За провал при угадывании цыганки учитель музыки попадает в «колдовской хоровод»: «В ту же секунду — он и глазом моргнуть не успел — его подхватили с двух сторон и закружили, завертели, что-то напевая, насвистывая, приговаривая. Только голоса доносились как бы издалека. „Не угадал! Не угадал!“ — долетало до него, как сквозь сон… он чувствовал, что хоровод постепенно влечет его между кресел и ширм в глубину комнаты, но через некоторое время отказался от всякого сопротивления и больше уже ничего не помнил». Когда же наступила «клиническая смерть» Гаврилеску? В конце первого эпизода (от солнечного удара!) у калитки сада, в только что упомянутом обмороке или позже, во время «сна», когда он почувствовал, что штора завивает его, как смертные пелены? Трудно дать однозначный ответ при такой многозначности текста, хотя я склоняюсь в пользу первого предположения. Так или иначе, очевидно, что эти три момента образуют совокупность последовательных изменений сознания, «ритуал перехода». (Другая гипотеза: все сцены у цыганок представляют только обряд инициации, с помощью которого девы пытаются повернуть посредственного учителя музыки к сакральному — отсюда их огорчение, когда он не может правильно угадать, — а собственно смерть наступает только в конце новеллы.)

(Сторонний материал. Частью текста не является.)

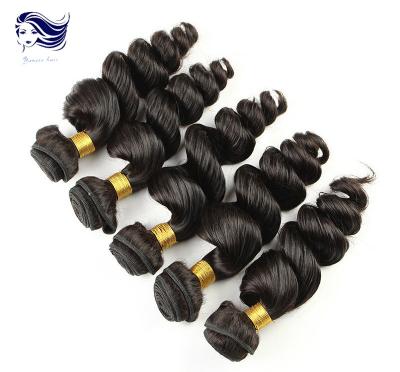 Brazilian Grade 7A Virgin Hair Weave Tangle Free with Loose Wave
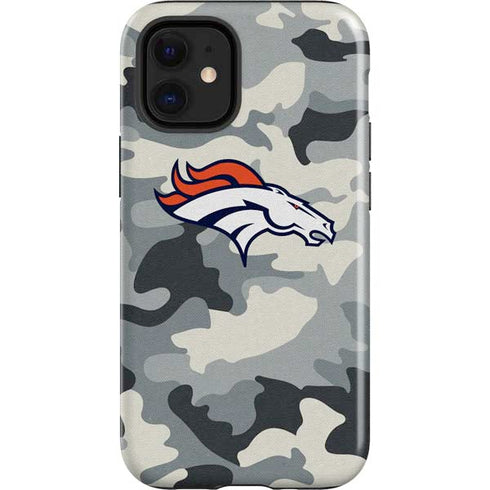 NFL Denver Broncos Camo iPhone 12 Mini Impact Case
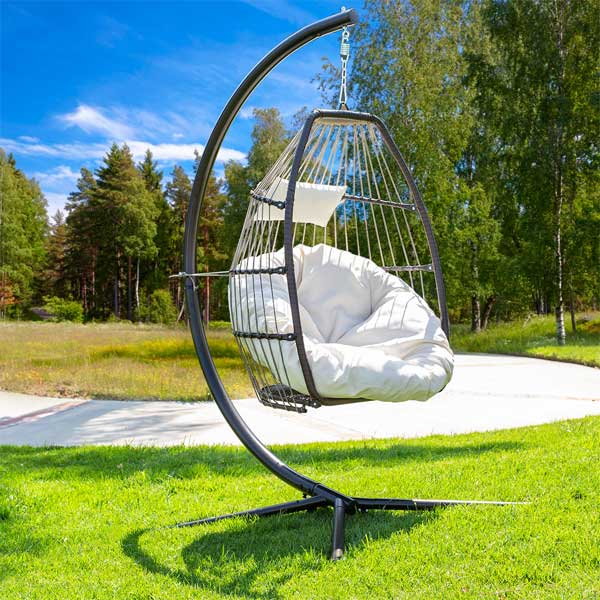 Outdoor Braided & Rope Swing - Wing Light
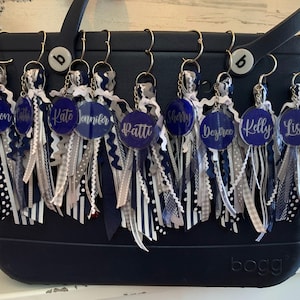 Navy/Gray/White - Bogg Bag Tassel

«Надо было не мечтать, а любить ее…» — замечает одна из дев, когда Гаврилеску рассказывает о своей любви к Хильдегард, а другие укоряют ее: «Не надо было давать ему воли (вспоминать), черта с два он теперь угадает». Тем временем Гаврилеску вспоминает наконец, в чем состояла драма его прошлого: Эльза «соблазнила» его, и он женился, бросив Хильдегард. «Ну, и что теперь? — спрашивают его девы. — Время-то идет, время идет». Еще одна попытка угадать, еще один провал. Почему? «Былое разворошил, — сказала гречанка. — Сбило оно его, увело, заморочило». Привычка грезить с открытыми глазами, отсутствие проницательности и ясности в сознании — вот из-за чего Гаврилеску упустил жизнь (то есть Хильдегард), а теперь упускает и смерть. Волнующее сходство проступает между реальным и «ирреальным» моментами экзистенциального цикла Гаврилеску. И там, и там он не сумел «угадать цыганку», в первый раз подменив Хильдегард Эльзой, теперь спутав с цыганкой сначала гречанку, потом еврейку. Упустив жизнь, он упускает и смерть, и его человеческая вина состоит, по сути дела, в том, что он не умеет видеть, что он путает настоящее с видимостью, существенное с поверхностным. Ритуал угадывания цыганки дается ему как последний шанс узнавания. Угадать — значит переступить ограниченность человеческой природы. Что было бы в случае успеха? «Если бы ты угадал, было бы чудо как хорошо, — тихо проговорила гречанка. — Мы бы тебе пели, мы бы тебе плясали и провели бы тебя по всем покоям…» Рай представляется здесь как необъятной величины гарем (в полном соответствии с буквальным смыслом ситуации), в который счастливого бессмертного вводят как homo ludens[12], но с правом увидеть все («все покои»). Блаженство, безмятежность божественного состояния — вот что упускает Гаврилеску. Заблудившись в прошлом, пока «идет время», он тонет в непоправимом, ему уже не сменить замашек, он обречен на земное. Его собственная отчаянная реакция выливается в попытку вновь обрести привычную надежность существования, прибегнув к мифу о своем таланте пианиста: он «налег на клавиши с такой силой, почти яростью, словно хотел разворотить их, выцарапать ногтями и прорваться, целиком войти во чрево инструмента, а потом еще дальше, еще глубже».

Сон, который за этим следует (IV эпизод), я трактую как кошмар переступания через материю. Даже без дотошных поисков соответствий в похоронных обрядах все же напрашивается ассоциация с ними: лабиринт, темнота, тишина, страх, угроза, исходящая от предметов, почти гротескная нагота деформированного тела, наконец, последнее ощущение спеленывания и «войлочной» духоты.

После эйфории и беспечности предыдущего момента — жуть теперешнего; после сна о смерти — ее мерзость. Стоит только скрыться девам, танцующим и прекрасным, стоит только Гаврилеску упустить последний шанс своего духа, является смерть, как убожество плоти, перекрывающее химеры воспоминаний.